Cada principio de semestre me pasa lo mismo. Preparo mis clases en la universidad, hago mis mejores esfuerzos por transmitir con claridad y cómo hacer que los estudiantes sean participantes activos de la clase. Mi principal desafío, todos los años, suele ser el mismo: sacar a los estudiantes de la idea de que las decisiones se resuelven con un cuadro de doble entrada que te dice qué hacer en cada momento o de respuestas mágicas. Evidente spoiler-alert: no existe tal cuadro. A los problemas complejos no les podemos pedir respuestas simples. Si tomar decisiones fuera tan simple, todos lo haríamos bien y es una tarea sumamente difícil.
Sin embargo, solemos caer en esa trampa. Tener respuestas simples y propuestas salvadoras es lo que nos gusta y, contrariamente a la realidad, cualquier otra cosa suena a desconocimiento. Queremos respuestas que nos calcen como pieza de puzzle a las preguntas complejas que son multicausales.
Basta con darse una vuelta por una librería: “las 10 claves del éxito”, “los 20 pasos para ser feliz”, “los 30 hábitos de las personas eficientes”. A pesar de ser plenamente conscientes de que la vida es sumamente complicada, buscamos recetas simples que aplicar a los grandes problemas.

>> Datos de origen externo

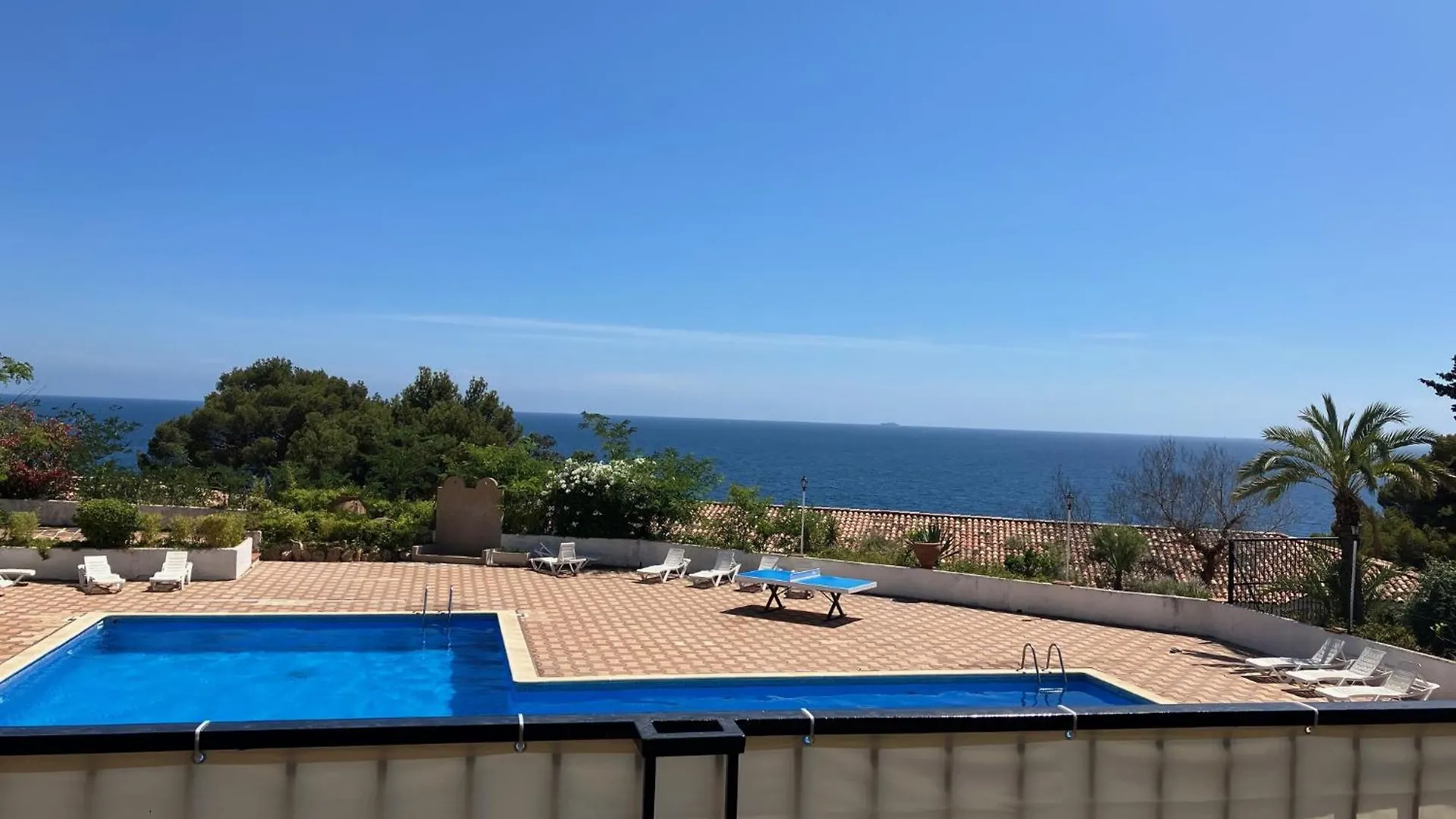 아파트 Apartamento A 100M De La Playa 또사데마르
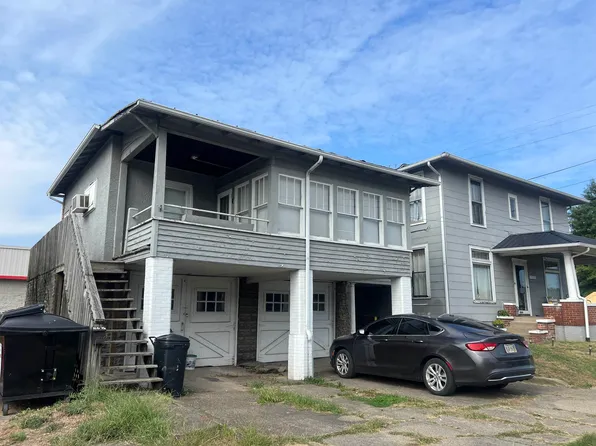 116 1/2 S 7th St, Ironton, OH 45638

La falacia narrativa, concepto introducido por el filósofo y estadístico Nassim Taleb, ocurre cuando proyectamos lo que esperamos del futuro en base a historias (generalmente dudosas y subjetivas) del pasado, como intento de dar sentido al mundo. Estas historias explicativas cuanto más convincentes, son más simples y concretas, centrándose en unos pocos acontecimientos. Es por eso que nos dan mayor significación: al éxito, al fracaso, al talento, a la estupidez y a las intenciones. Los humanos constantemente nos engañamos construyendo explicaciones endebles del pasado que creemos verdaderas para poder construir un relato y, así, sentir certidumbre de lo que puede pasar.
Esto se potencia con otro sesgo cognitivo que es el efecto halo, que consiste en inferir destrezas, capacidades o atributos de una persona o de una cierta circunstancia, a partir de la primera impresión que tenemos de ésta. Esto contribuye a que nuestras narraciones explicativas sean simples y coherentes, exagerando la consistencia de nuestras evaluaciones: la buena gente sólo hace cosas buenas y las malas solo hace cosas malas. Y tendemos a presuponer que los expertos reconocidos en un área, pueden opinar con igual propiedad de los demás temas.
Cualquier inconsistencia reduce la sencillez y la claridad de nuestro pensamiento, lo que se ve potenciado en un contexto histórico de redes sociales, donde titulares en 280 caracteres y una foto son el centro de un mensaje.
Tendemos a construimos la mejor historia posible partiendo de la información disponible y si la historia es buena, la creemos. Porque es más fácil construir una historia coherente cuando nuestro conocimiento es escaso. Nuestra consoladora convicción de que el mundo tiene sentido descansa sobre un fundamento seguro: nuestra capacidad casi ilimitada para ignorar nuestra ignorancia.
Entender cómo funciona el mundo da trabajo. Tomar decisiones y, ni que hablar, opinar con rigurosidad, no resiste procesos abreviados.